Ed è così che il Circolo Christus Rex, vicino a Forza Nuova, pubblica la lettera di un suo lettore che si dice sconvolto dinnanzi all'opinione di alcuni preti che si sono detti favorevoli all'adozione per i gay. Ed è così che ha preso carta e penna e ha scritto all'arcivescovo per chiedere provvedimenti contro chi ha osato avere un'opinione diversa dalla sua.

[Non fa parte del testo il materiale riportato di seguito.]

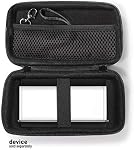 Blood Pressure Monitor case compatible with QardioArm Wireless Blood Pressure Monitor, Compact and light weight strong case with mesh pocket for blood pressure log book, detachable wrist strap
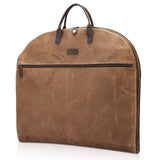 Polare 43Waxed Canvas Full Grain Leather Trim Carry On Garment Bag for Travel, Waterproof Dust-Proof Foldable Hanging Suitca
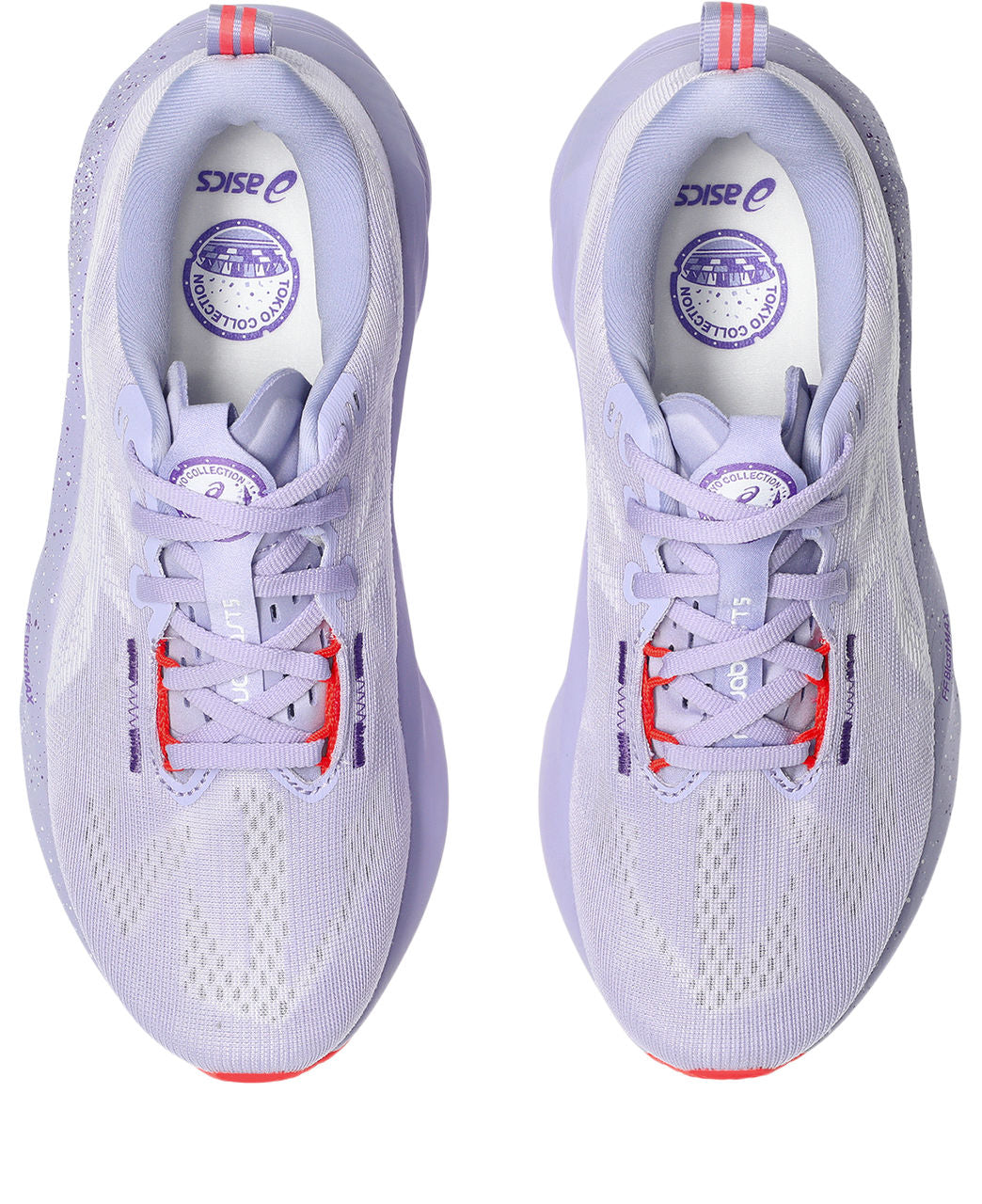 Asics Women's Novablast 5 Tokyo Running Shoes in Vapor/Edo Purple
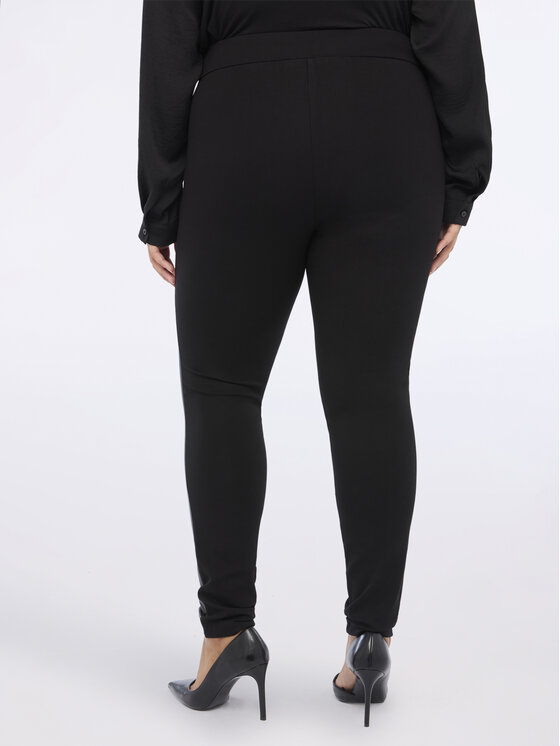 Fiorella Rubino Fiorella Rubino Spodnie materiałowe P714L002240N033 Czarny Skin Fit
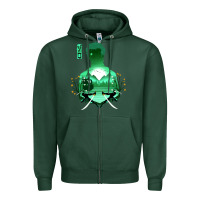 Sports Green Zoro Zipper Hoodie - artisFamous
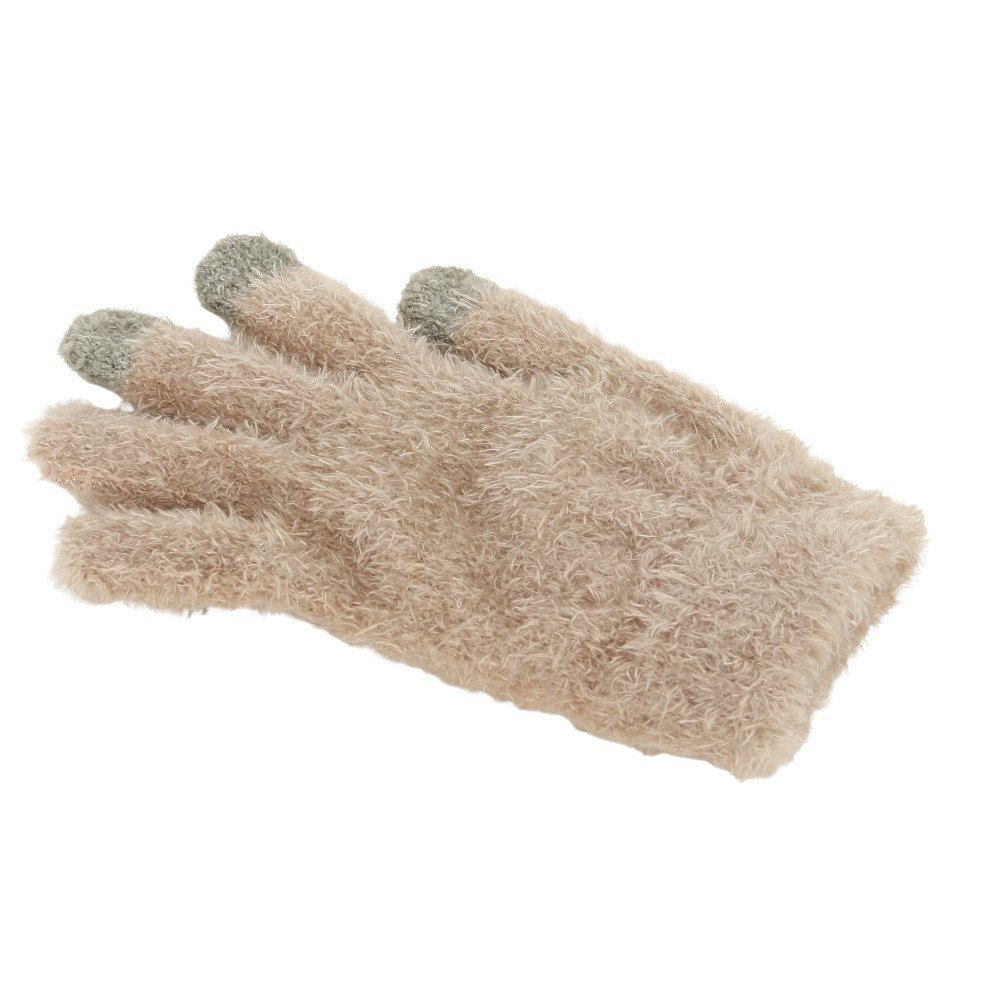 GLAMLIN（GLAMLIN）（レディース）5本指 ニット グローブ GFGT CAMEL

Abusando delle virgolette con cui i sedicenti "cattolici" mirano a togliere dignità alle parole se rivolte alle percorsone che loro cristianesimo odiano con tutto sé stessi, l'uomo domanda: «cosa pensano le persone cattoliche di una dichiarazione di questo tipo da parte di un gruppo di preti? I Vescovi dove operano tali “pastori” cosa fanno?».
Si passa così al processo e alla condanna di quei preti, sostenendo siano da considerarsi scomunicati perché privi di pregiudizi nell'anteporre il benessere dei bambini al pregiudizio. Ed è così che aggiunge: «Leggendo le dichiarazioni e i “curriculum vitae” dei soggetti firmatari, un Cattolico Apostolico Romano si preoccupa anche se i soggetti sono già scomunicati latae sententiae, quindi fuori dal Corpo Mistico della Chiesa».

Ed ancora:

Ma oggi c’è un ma. I soggetti sono sempre scomunicati latae sententiae (Cristo non si adatta ai tempi), ma ora abbiamo l’ecumenico popolo di Dio anziché il popolo Cattolico; nessuno dice niente e satana ride. Leggendo le dichiarazioni riportate sulla lettera aperta dei “preti”, ho riscontrato: errori, bugie, eresie, ecc. che vanno contro ogni elementare buon senso, ma allora perché nessuno dice niente? Quanto durerà ancora questo abominio della desolazione? Dove andremo a finire? Perché questi soggetti non vengono richiamati all'ordine dal Vescovo della Diocesi di residenza, oppure in caso di pervicacia espulsi in modo ufficiale? In attesa che Gesù Cristo Fondatore dell’Unica Santa Chiesa Cattolica Apostolica Romana, redimi da questione con giustizia, preghiamo per le nostre anime, perché pagheremo per tutti i nostri peccati di omissione.

E dopo questa valga d'odio e queste richieste di giustizia sommaria, l'uomo chiude la sua lettera con un «Sia Lodato Gesù Cristo».